You don’t have to be of a particularly cynical disposition to ask questions of a guy who can deadlift 320.5 kg after only powerlifting for nine months. However, the IPF takes a strict stance against doping, and their regulations are in line with those of the World Anti-Doping Agency.

Isijola, though, is disgusted by doping, and lays to rest any doubts anyone might have when he explains that not only does he not want an unfair advantage, he also feels an obligation to those that might look up to him: “I don’t want kids to start taking steroids just for the health aspect of it. I don’t want to promote that at all.”

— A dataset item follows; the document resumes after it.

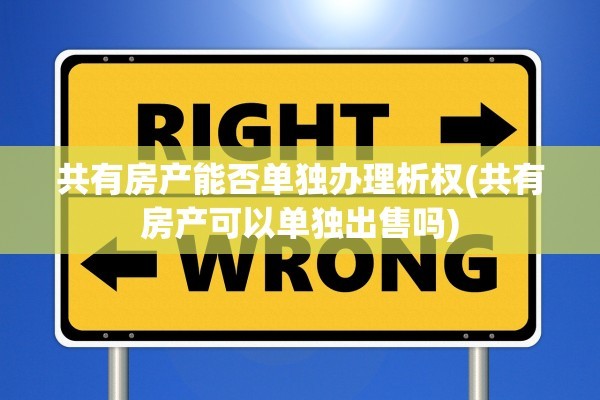 共有房产能否单独办理析权(共有房产可以单独出售吗)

Isijola says he approves of recently introduced methods on drug testing.

Alex Connolly for The University Times

After a recent AGM, the IPF announced that more thorough drug testing would be implemented moving forward. “I approve of the testing and I am very happy about that”, Isijola says.

I ask why he thinks it’s necessary, given he says he doesn’t think there’s much of a drug problem in Irish weightlifting. His response is assertive: “It’s better to be proactive than reactive.”

“Why not say: ‘We’re going to start drug testing now, so you shouldn’t take drugs because we’ll catch you’, versus: ‘Oh, we’re trying to catch up with the new developments in drugs.’ So no, they’re being proactive.”

The next IPF is intervarsities next month. Undoubtedly, all eyes will be on Isijola to see what mountains he can climb.

But for him personally, the top concern is beating Stell for a second time. To do so would solidify his qualification in the upcoming open international competition, set to be held in Belarus this June: “If I beat Mark Stell again I’ll definitely be going to worlds.”

Isijola points out that the accomplishment would officially make him “the best [of the] under-23s in Ireland” – a sizeable title for a sizeable man.